The Ananda Ramayana is an anonymously authored Sanskrit text from the 15th century. The text has received little attention from scholars, though in some traditions, it is considered a principal source of Rama stories. 
 
Many of the original stories from the Valmiki Ramayana are included in the Ananda Ramayana (though often with minor variations). Its primary significance, however, is its inclusion of original stories that are intended to provide background information for the Valmiki Ramayana narrative.

Notable contents

Ravana's abduction of Kausalya, Rama's mother 
Ravana once approached Brahma, inquiring him as to how his own death would come about. Brahma responded that the son of Kausalya and Dasharatha would be the cause of his death. Enraged, Ravana abducted Kausalya immediately prior to her wedding, and placed her in a box on a deserted island in the middle of the ocean.

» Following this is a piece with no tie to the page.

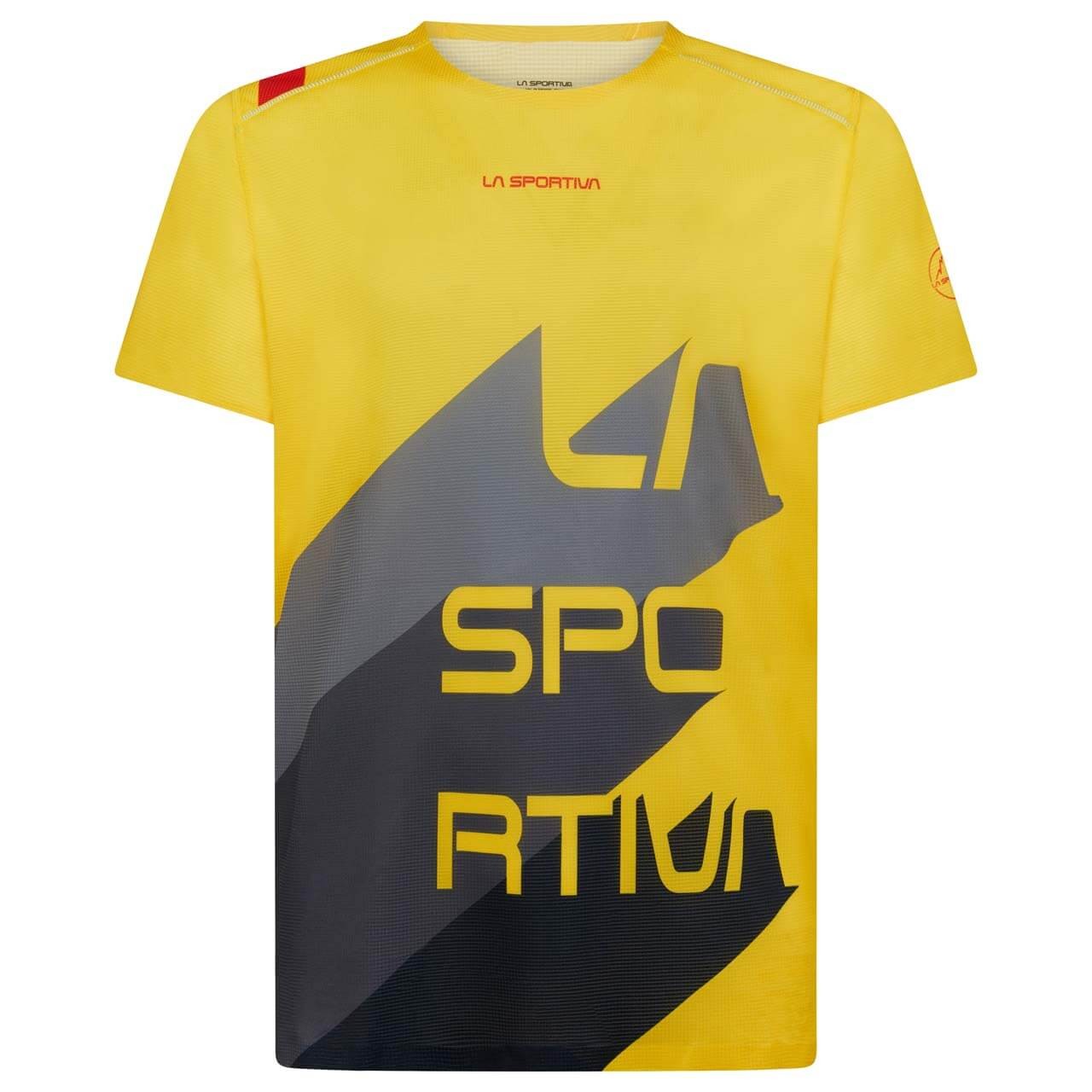 La Sportiva Stream T-Shirt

The sage Narada described her whereabouts to Dasharatha, who then brought his army to the shore to rescue her. The army began to cross the ocean in boats, approaching the island of Kausalya's captivity. Hearing of Dasharatha's rescue attempt, Ravana sent his "rakshasa" (demon) army. In the ensuing battle, Dasharatha's army was annihilated, but Dasharatha escaped on a wooden plank, floating on the ocean for many days.

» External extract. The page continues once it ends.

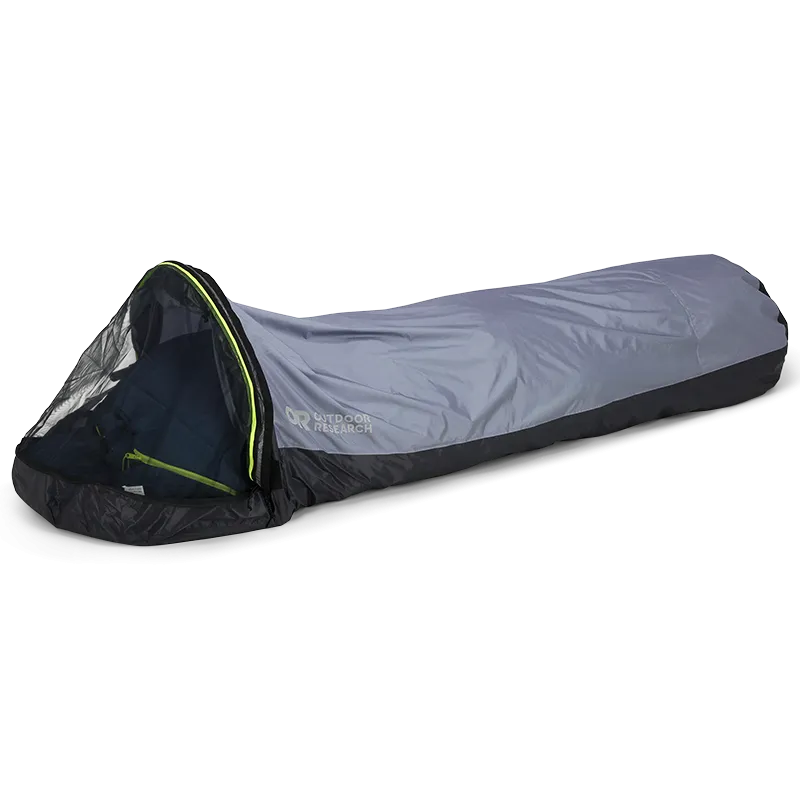 Outdoor Research Helium Bivy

Eventually, he landed on the island of Kausalya's captivity and chanced upon the box in which she was enclosed. Narada and other sages quickly arrived and performed a wedding ceremony, after which Dasharatha and Kausalya were enclosed in the box.

Unaware of these events, Ravana went to Brahma and told him that his prediction had been rendered false, as he had killed Dasharatha and was holding Kausalya captive in the box. Knowing that his words must always be true, Brahma had the box brought to his and Ravana's presence and opened. Seeing Dasharatha and Kausalya in the box, Ravana was humiliated and planned to kill them both, but his wife Mandodari persuaded him otherwise. Eventually, Dasharatha and Kausalya went to Ayodhya, where they lived happily. Eventually she gave birth to Rama, and his three brothers.

.

Ravana eventually returned to Gokarna to perform the intense tapas, which later earned him the boons from Brahma that made him invincible to everyone but humans. Thus Vishnu was later able to incarnate as Rama in order to defeat Ravana. But that story doesn't mention in Valmiki Ramayan or other Ramayana except for Ananda Ramayan and many scholars rejected that story.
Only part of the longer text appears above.